A total of four bases where U.S. troops are stationed in the Middle East have been attacked in by Iran-backed groups in the last day, according to a senior U.S. military official.
The Iran-backed Islamic Resistance said Monday it attacked U.S. and coalition forces at Ain al-Asad air base in Iraq, NBC News reported, but the rockets didn't result in any casualties or infrastructure damage.
Three other bases were also attacked in the region, the senior military official said today. The Pentagon did not immediately respond to a request for more information.
The attack on Ain al-Asad came in the early hours of Tuesday and did not cause casualties or damage, according to Reuters sources. It is the latest in a series of attacks on U.S. troops in Iraq and Syria, as tensions soar over the Israel-Hamas war.
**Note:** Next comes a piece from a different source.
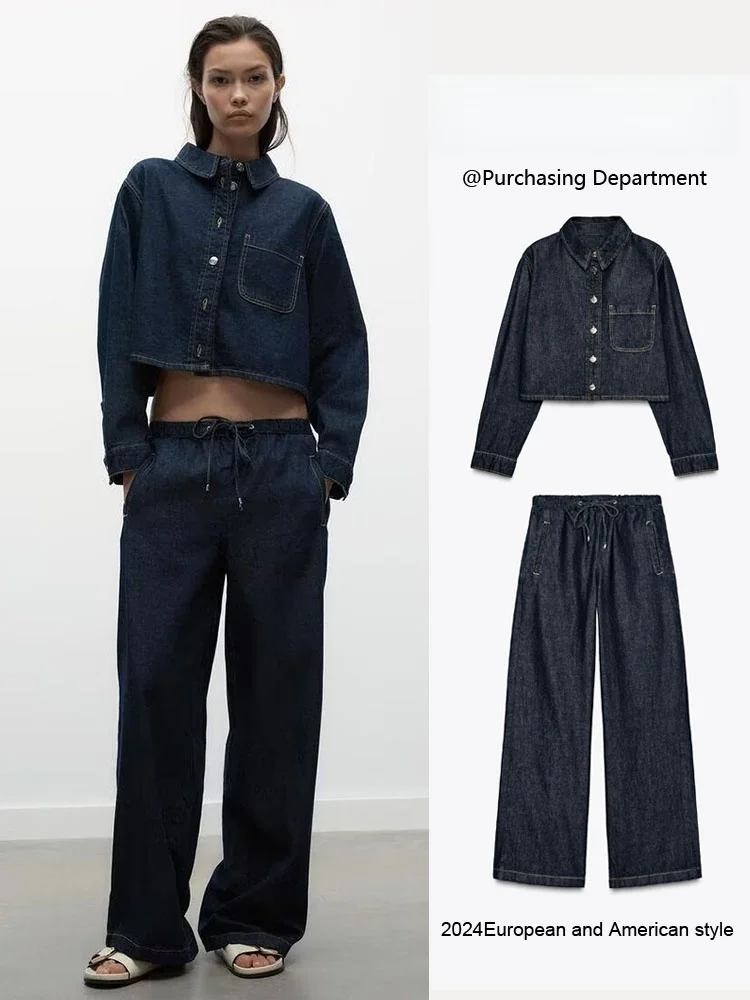 

Spring New Arrival Women's Long Sleeve Short Shirt Comfortable Denim Jeans Two-Piece Set Button Closure Casual Fashion Outfit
U.S. and coalition troops have been attacked at least 23 times by rockets and drones in Iraq and Syria from Oct. 17-30, according to the U.S. Defense Department website citing a senior U.S. defense official.
There has been an increase in attacks on U.S. forces since the conflict in Israel broke out on Oct. 7 and Iraqi armed groups aligned with Iran threatened to target U.S. interests with missiles and drones if Washington intervened to support Israel against Hamas in Gaza.
A group called the Islamic resistance in Iraq has endorsed Tuesday's attack.
Four Katyusha rockets were fired Monday at Iraq's Ain al-Asad air base, an attack also claimed by the same group.
Iran-backed militia groups in Iraq have consistently demanded the expulsion of American troops after a U.S. air strike in Baghdad killed senior Iranian general Qassem Soleimani and Iraqi militia commander Abu Mahdi al-Muhandis in 2020. The militia groups since then resorted to rocket attacks on U.S. forces in the country and the embassy in Baghdad.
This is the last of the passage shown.